» Exercise instructions:
An exact, complete copy of the entries below is required, minus any pictures.

+ + +

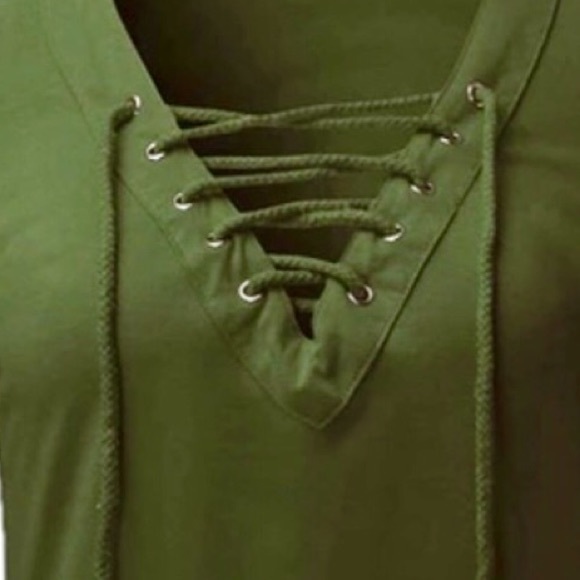 Lace-Up Sexy Open Cold-Shoulder - Military Green - Picture 7 of 8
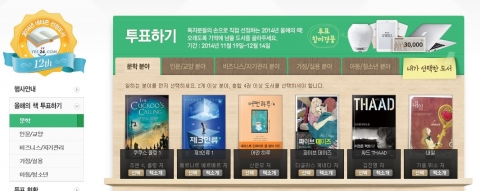 예스24는 2014년 한해 동안 출간된 도서 중 가장 많은 사랑을 받은 책을 뽑는 제12회 네티즌 선정 올해의 책 2014 투표를 오는 12월 14일까지 실시한다.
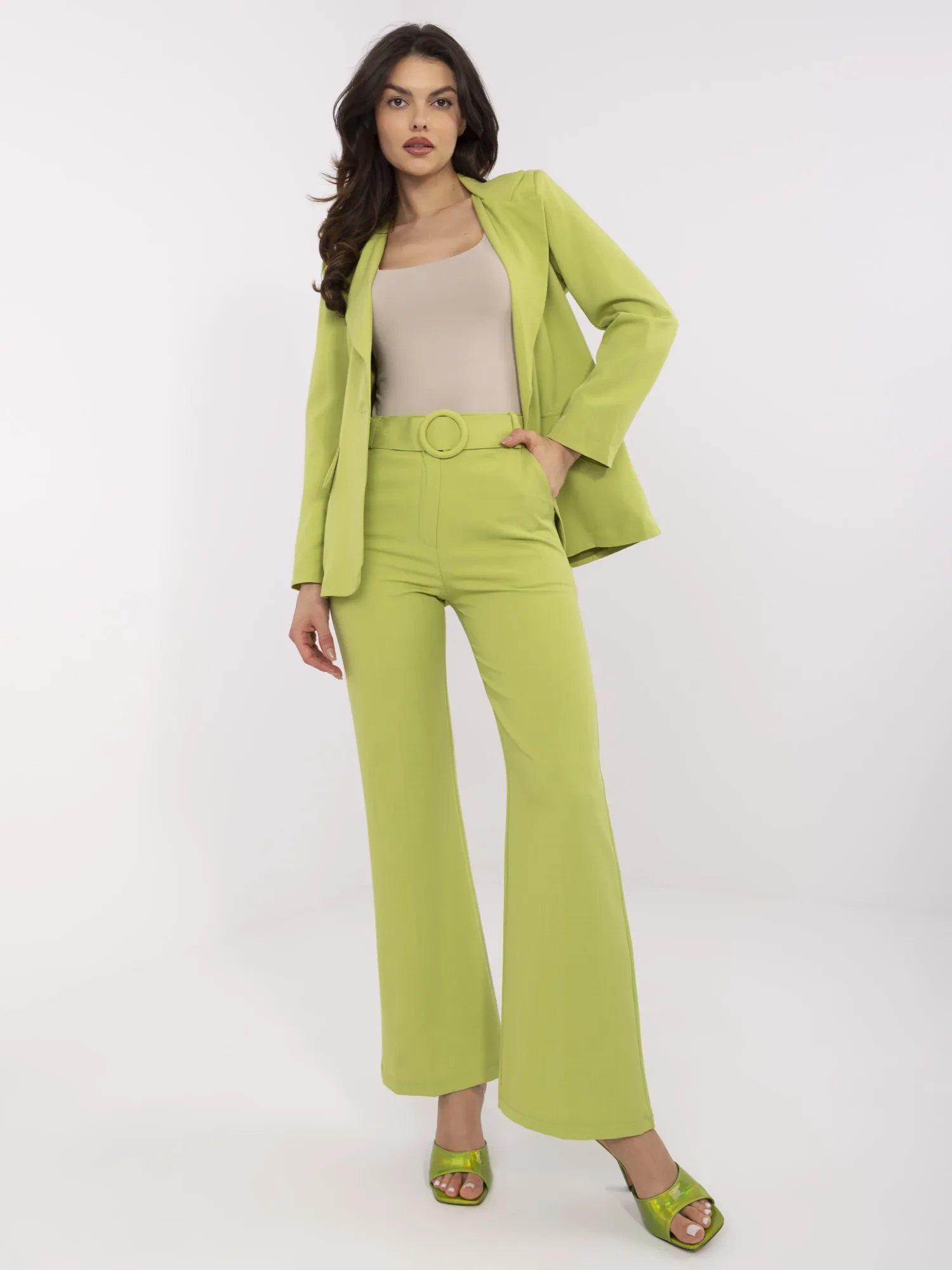 Pantaloni Dama Lejera, Guler inalt, ITALY MODA, Lime Eleganta Office Marimi Mari - imagine 4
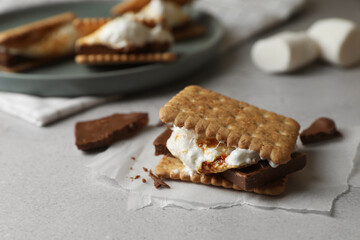 Delicious marshmallow sandwiches with crackers and chocolate on light grey table, closeup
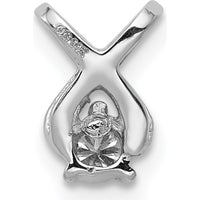 14K White Gold Diamond Chain Slide with Round Faceted Diamond - 0.093 Carat by Monteluci Fine Jewelry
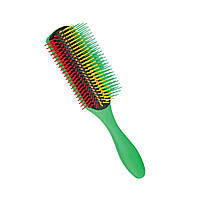 Девятирядная щетка для волос Denman Classic Styling 210мм Зеленый с разноцветным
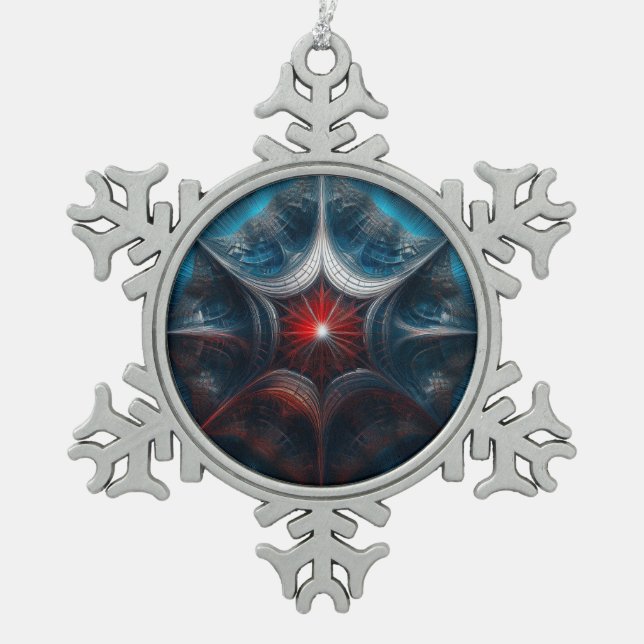 Adorno De Peltre Tipo Copo De Nieve Mandelbrot manipulado con el centro de Starburst (Anverso)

+ + +

» Solution:
 Lace-Up Sexy Open Cold-Shoulder - Military Green - Picture 7 of 8
 예스24는 2014년 한해 동안 출간된 도서 중 가장 많은 사랑을 받은 책을 뽑는 제12회 네티즌 선정 올해의 책 2014 투표를 오는 12월 14일까지 실시한다.
 Pantaloni Dama Lejera, Guler inalt, ITALY MODA, Lime Eleganta Office Marimi Mari - imagine 4
 Delicious marshmallow sandwiches with crackers and chocolate on light grey table, closeup
 14K White Gold Diamond Chain Slide with Round Faceted Diamond - 0.093 Carat by Monteluci Fine Jewelry
 Девятирядная щетка для волос Denman Classic Styling 210мм Зеленый с разноцветным
 Adorno De Peltre Tipo Copo De Nieve Mandelbrot manipulado con el centro de Starburst (Anverso)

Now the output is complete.